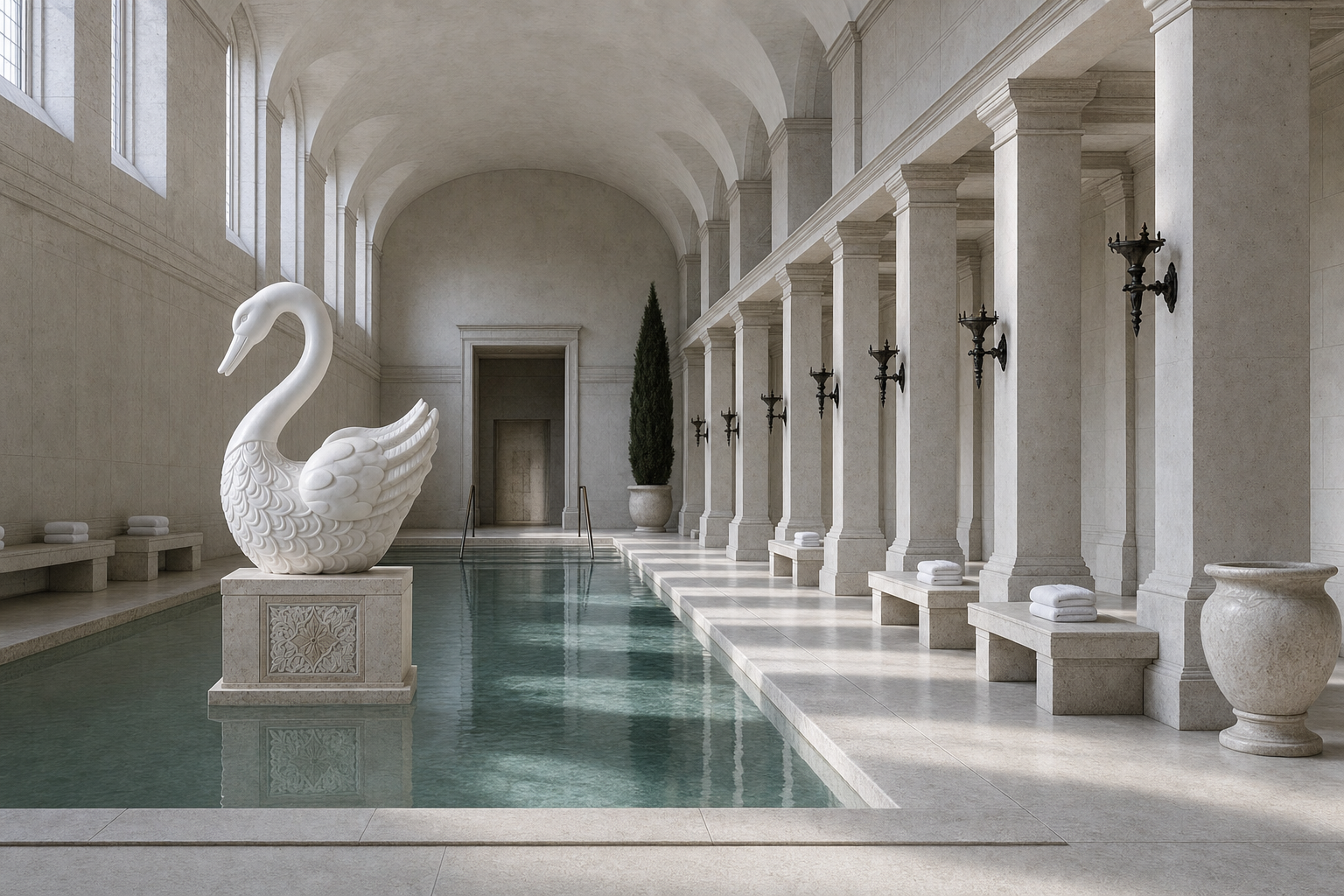Nivara carved white marble swan sculpture by 1-OPH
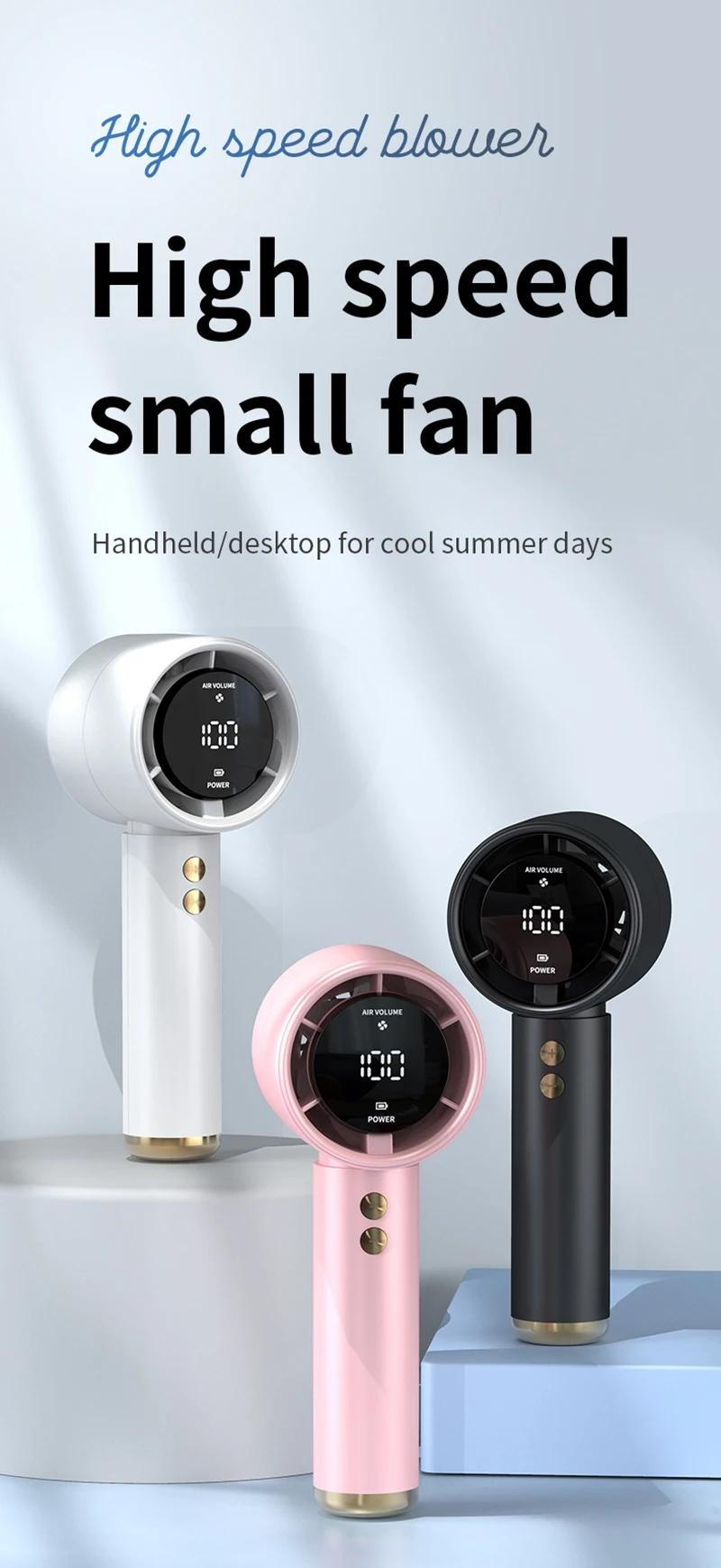 Mini High-Speed Handheld Fan, Portable Pocket Size, USB Rechargeable, Home Desktop Small Fan, Compact and Lightweight Design, Portable Cordless Fan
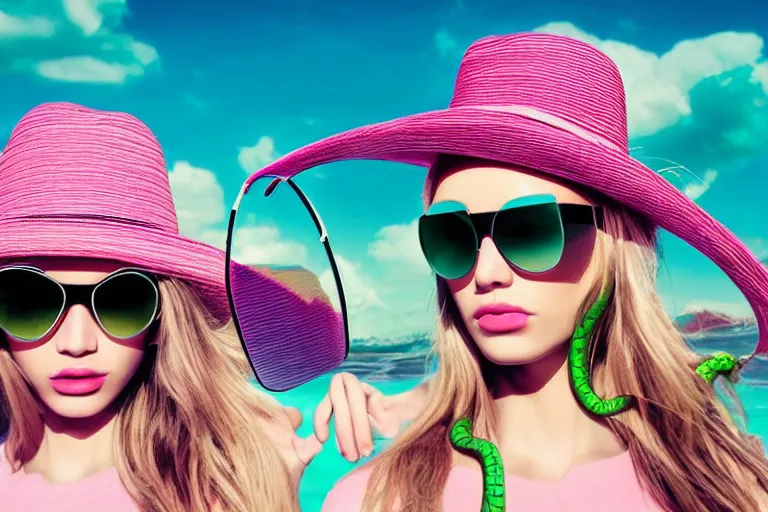 Prompt: close - up, one fashion model in sunglasses and another one model with hat and without sunglasses, pink clouds background, green snakes, hyper detailed, photo realistic, vouge style photo, drops of clean water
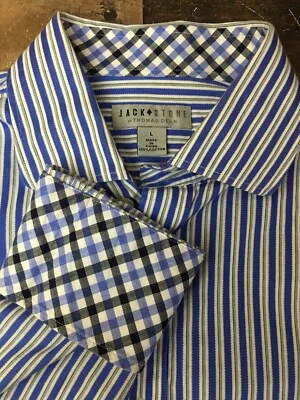 Jqck Stone Button Down Shirt Men Large Preppy Flip Cuff Heritage Coastal Office - Image 1 of 4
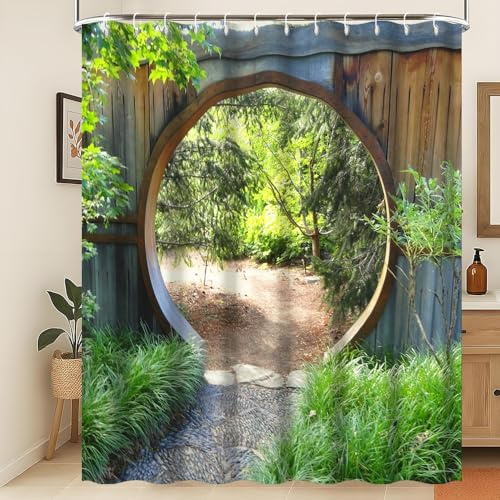 Xiaoterna Japanischer Garten Duschvorhang 3D Frühling Wald Natur Szenerie Badezimmer Vorhang Kreis Rustikales Holztor Grüne Pflanze Sonnenschein Schimmelpilzsicherer Duschvorhang 240x180cm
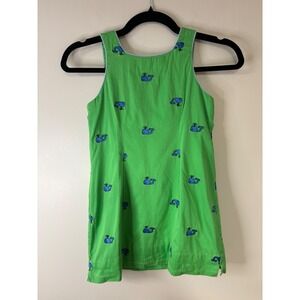 Lilly Pulitzer Little Girls Green Whale Embroidered Cotton Dress Size 8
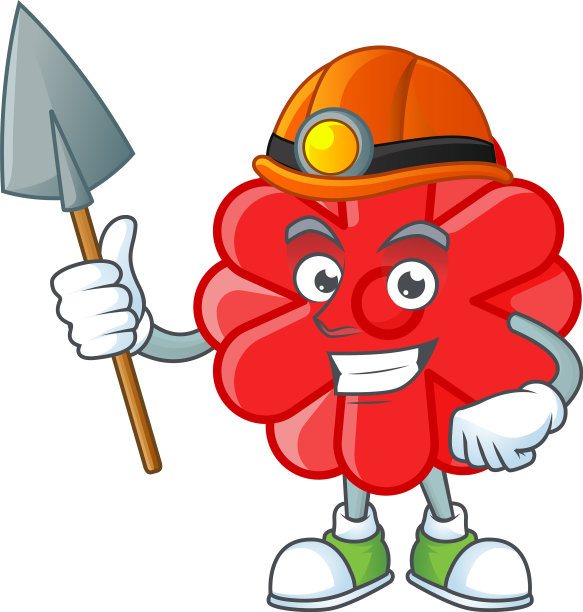 酷聪明的矿工中国红花卡通图片下载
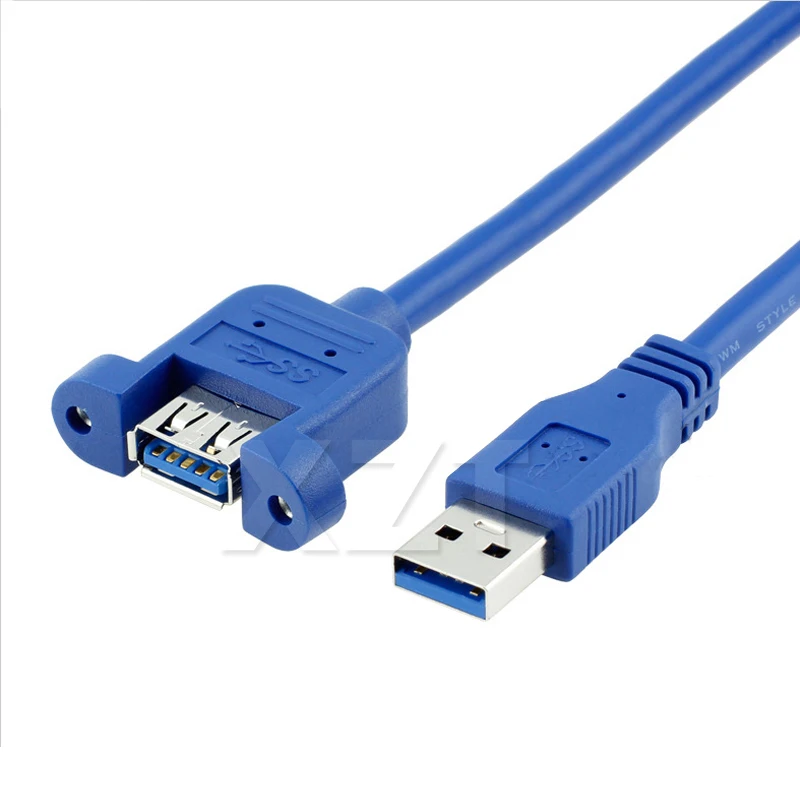 고속 USB3.0 남성-여성 USB 3.0 연장 케이블 와이어 컴퓨터 호스트 패널 마운트 나사 USB 커넥터 어댑터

######

PROBLEM TO SOLVE: Transcribe the data verbatim. No picture belongs in the result.

RESULT FOR THIS EXERCISE:
Nivara carved white marble swan sculpture by 1-OPH
 Mini High-Speed Handheld Fan, Portable Pocket Size, USB Rechargeable, Home Desktop Small Fan, Compact and Lightweight Design, Portable Cordless Fan
 Prompt: close - up, one fashion model in sunglasses and another one model with hat and without sunglasses, pink clouds background, green snakes, hyper detailed, photo realistic, vouge style photo, drops of clean water
 Jqck Stone Button Down Shirt Men Large Preppy Flip Cuff Heritage Coastal Office - Image 1 of 4
 Xiaoterna Japanischer Garten Duschvorhang 3D Frühling Wald Natur Szenerie Badezimmer Vorhang Kreis Rustikales Holztor Grüne Pflanze Sonnenschein Schimmelpilzsicherer Duschvorhang 240x180cm
 Lilly Pulitzer Little Girls Green Whale Embroidered Cotton Dress Size 8
 酷聪明的矿工中国红花卡通图片下载
 고속 USB3.0 남성-여성 USB 3.0 연장 케이블 와이어 컴퓨터 호스트 패널 마운트 나사 USB 커넥터 어댑터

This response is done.